11. Suasana Sanubari

0"Datanglah ke taman belakang sekolah setelah bel istirahat kedua berbunyi. Aku membawakan makan siang yang enak untuk kamu dari mama." Pesan singkat itulah yang memicu langkah kaki jenjang milik Adam Liandra Kin untuk datang dan menyambangi tempat dengan suasana tak terlalu ramai sebab hanya ada beberapa teman sebaya yang datang berkunjung. Istirahat kedua adalah jam paling nikmat untuk mengisi perut selepas letih separuh hari menjalani aktivitas.
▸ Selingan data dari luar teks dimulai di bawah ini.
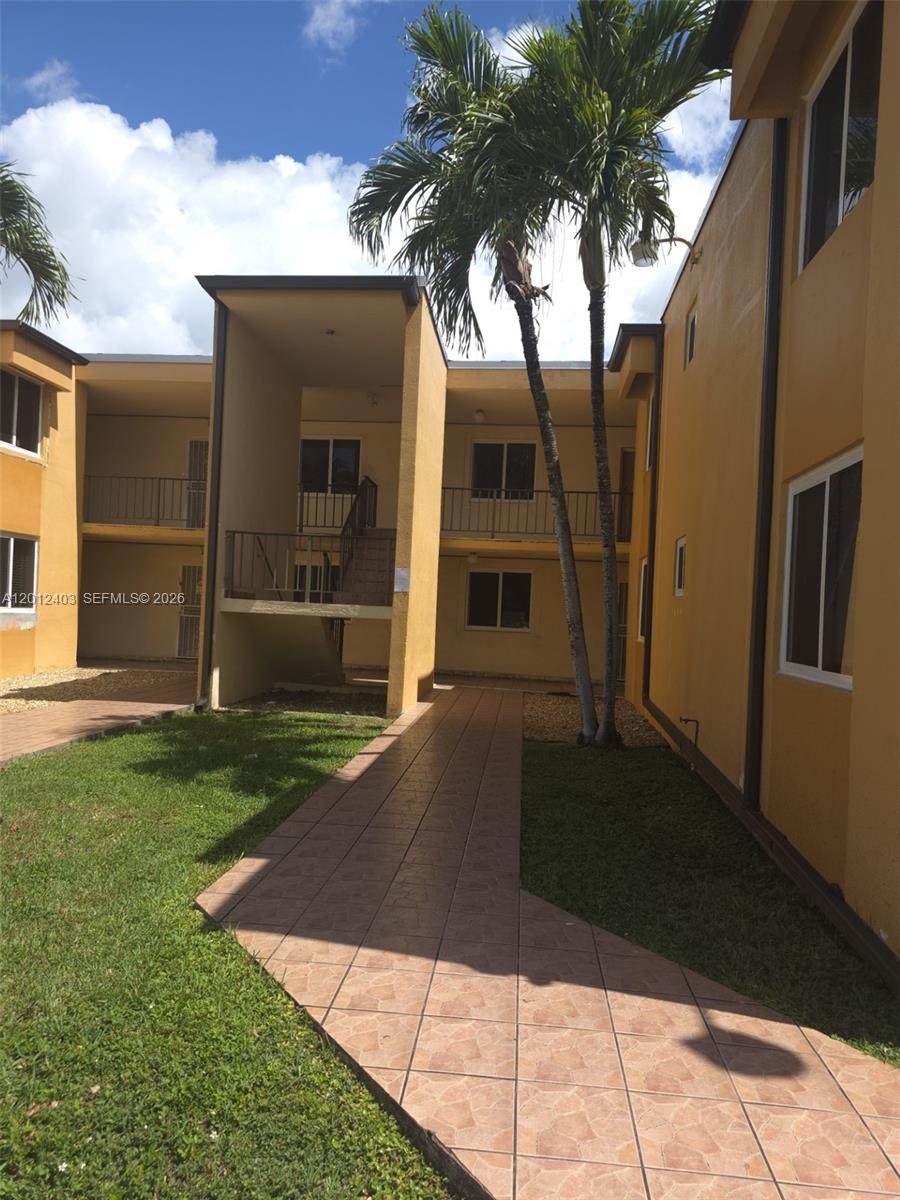 8990 SW 24th Street 19, Miami, FL 33165, Miami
Semua teman Adam datang ke kantin di sisi kantor guru untuk melepas lelah dan mengisi kembali tenaga juga energi yang hilang habis terkuras bersama tetesan keringat yang turun membahasi tubuh mereka. Adam ingin ikut sebelumnya, namun pesan singkat dari kekasih menghentikan segala niatnya. Remaja itu memilih mengikuti interuksi dari kekasih ketimbang ikut serta dan ambil bagian di dalam rombongan pemuda lapar yang ingin menyambangi kantin. Teman-teman tim basket Adam Liandra Kin.     
0

"Kapten Kin!" Suara gadis menyela fokusnya. Menarik perhatian Adam yang kini menoleh sembari menaikkan pandangannya, memasukkan ponsel yang ada pada genggamannya ke dalam saku celana basket yang dikenakannya untuk benar menyambut kedatangan gadis yang amat dicintainya.     
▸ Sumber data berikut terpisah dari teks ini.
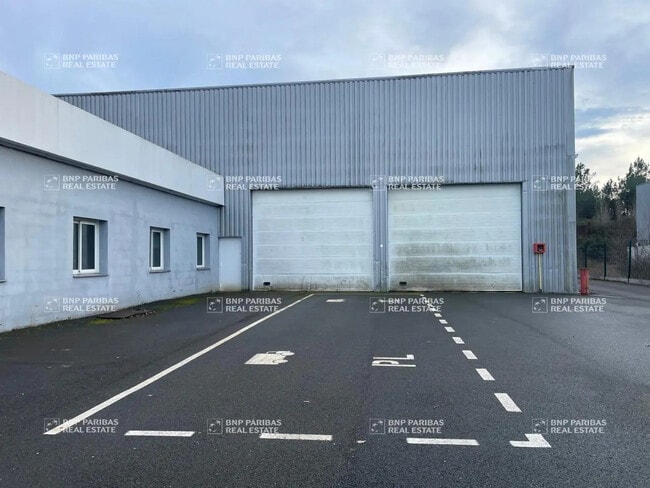 Plus de détails pour Bureau, Local d'activités à louer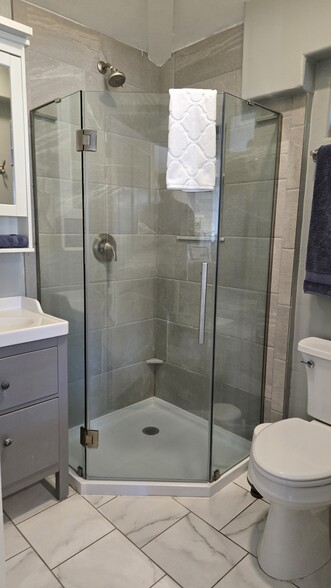 Custom tile shower - 10224 Aviary Dr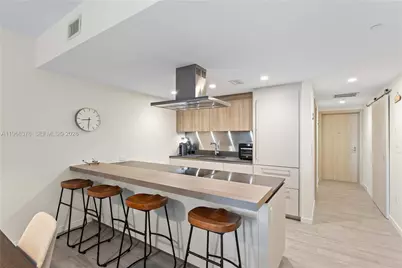 1000 Brickell Plz #4605, Miami, FL 33131 - Photo 1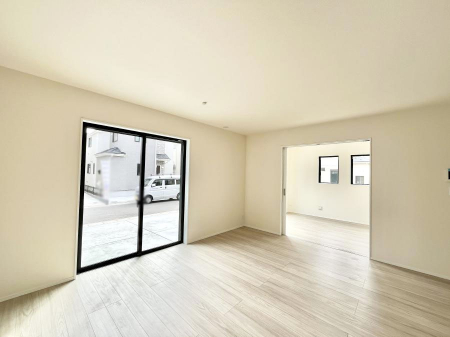 ���̑����ρ@�Ƒ��̏Ί炪���R�Ɛ��܂�Ă���A����ȕ��͋C�̃_�C�j���O�Ɏd�オ���Ă��܂��B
"Aku kira kamu gak akan datang ke sini. Aku lihat teman kamu ke kantin tadi," imbuhnya dengan nada sedang. Duduk di sisi Adam yang menggelengkan kepalanya samar. Tersenyum ringan kemudian meraih tubuh Davira dan memberi rangkulan manja pada gadis itu. Di tempat ini, tak terlalu ramai dan terbuka. Itulah yang menyebabkan Davira hanya diam dan menerima semua perlakuan dari kekasihnya.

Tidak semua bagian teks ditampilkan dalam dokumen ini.